甲武信岳は山梨県・最ため券・長野県をまたいで位置する山です。標高は2475m、奥秩父連峰を代表する山岳であり、高い登山人気があります。
日本百名山に選定され、千曲川・荒川・笛吹川の源流があり、緑の深い自然環境を持ちます。
奥秩父連峰の中ではほぼ中央に位置します。
この記事に書いてあること
この山について・概要
甲武信岳の山名は、山域が重なる地域名「甲州・武州・信州」の頭文字を合わせたという説が有力ですが、定かではなく、尾根が寄り集まって人の拳に似ていることが由来ではないかという説もあります。
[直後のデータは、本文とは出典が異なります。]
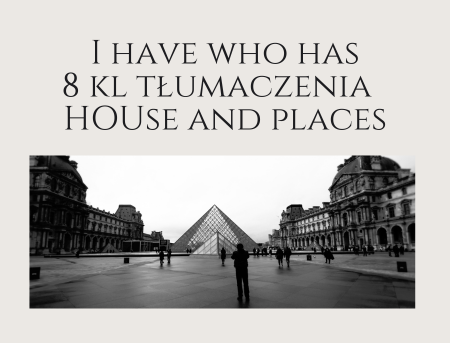 I have who has - 8 kl tłumaczenia - house and places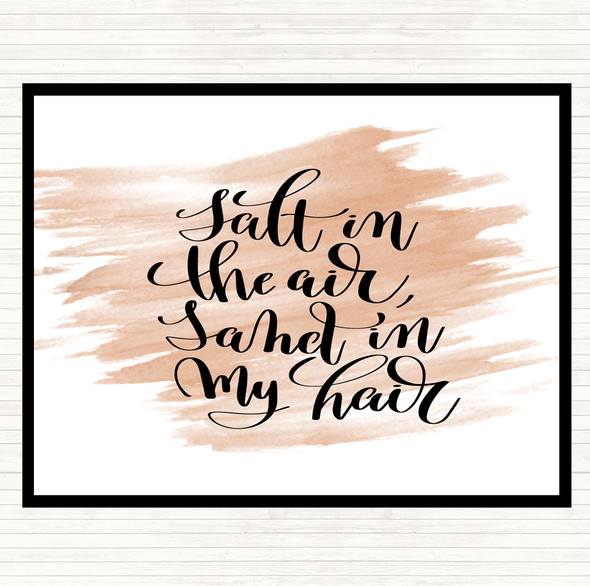 Watercolour Salt In Air Sand Hair Quote Mouse Mat Pad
水源に恵まれシラベやダケカンバなどの原生林が深く、多くの高山植物の繁殖域でもあります。
秩父多摩甲斐国立公園に属しています。
江戸時代には信濃と武州、江戸をつなぐ経路がここにあり、それらが交差する「十字峠」があります。
登山の人気シーズンは?
甲武信岳の登山シーズンは、雪が溶け始める3月の下旬ころから紅葉が終わりを告げる11月の中旬頃までがピークです。
夏には高山植物が咲き乱れることから、大型連休を利用した登山客であふれます。
積雪期は短く一年を通して登山を楽しむことができます。
5月6月のシャクナゲのシーズンには、それ目当ての登山客が多く訪れます。
この山の魅力
甲武信岳の魅力は その展望の良さです。
奥秩父の中央にあることから、周辺にある日本百名山のうちの43座をすべて視界に入れることができる、大パノラマです。
また、甲武信岳から見えることができる富士山は特段美しく、威風堂々としたその佇まいは日本画を彷彿とさせます。
甲武信岳は高山植物でも有名です。
シャクナゲやウメバチソウなど希少な植物が季節ごとに大きな花畑を形成します。
登山のレベル
甲武信岳の登山レベルは、選択するルートによって大きな差がでますが、中級から上級くらいだと思っていいでしょう。
河川の源流があることから、渓流瀑や沢沿いの山道を通るルートでは滑りやすく怪我の危険性もあります。
また傾斜がきついポイントも点在するので、ある程度の脚力・体力が必要になります。
山道はほぼ林道になり、整備の行き届いていない場所もあるので全くの初心者では辛く感じてしまうかもしれません。
主な登山ルート
深い森林に覆われた甲武信岳は、山道自体が限られています。
往復ルートが基本になります。
毛気平登山口~甲武信岳山頂ルート
毛気平登山口をスタートしてナメ滝を通り千曲川・信濃川水源地評を通過して甲武信岳山頂に向かい、元に戻るルートです。
森林を抜ける、非常に清々しさを感じる山道です。
標高1115m総距離16㎞、所要時間6時間半になります。
西沢渓谷入口~甲武信岳1泊2日ルート
山梨県側からの西沢渓谷入口からスタートして新道分岐を超え甲武信小屋で1泊目。
2日目に甲武信岳山頂に到達し、もと来たルートで戻りゴールします。
山梨県側のルートは、途中まで道路が舗装されていて歩きやすいのですが、距離が長いために山頂到着前くらいで1泊します。
距離14.3㎞、所要時間9時間半になります。
冬山登山はできる?
甲武信岳は冬登山もできます。
幕営が可能なので、宿泊登山をしキャンプを楽しむ登山者も多くいます。
夏場のシーズンでは登山客は多いですが、冬は貸切状態になることがあるほどです。
アイゼンや防寒着などの冬装備は必須です。
平均気温のはあまり低くない山ですが、時期によって携帯している飲料がザックの中で凍ってしまうほど凍てつくこともあるので注意しましょう。
山小屋情報
甲武信岳には多くの山小屋があります。
一本道の長い登山ルートが多いので、エスケープルートも確保することが難しくなります。
体力的にきつくなったときなどに利用しましょう。
- 甲武信小屋
- 場所:甲武信岳南東200m地点
- 電話:090-3337-8947
- FAX:なし
- 営業期間:4月下旬~11月下旬
まとめ
奥秩父の豊かな自然を体験できる甲武信岳登山は、みずみずしいばかりの森林を抜ける魅力的な山です。
山頂からの展望は登山愛好者なら一生に一度は目に収めておきたい絶景です。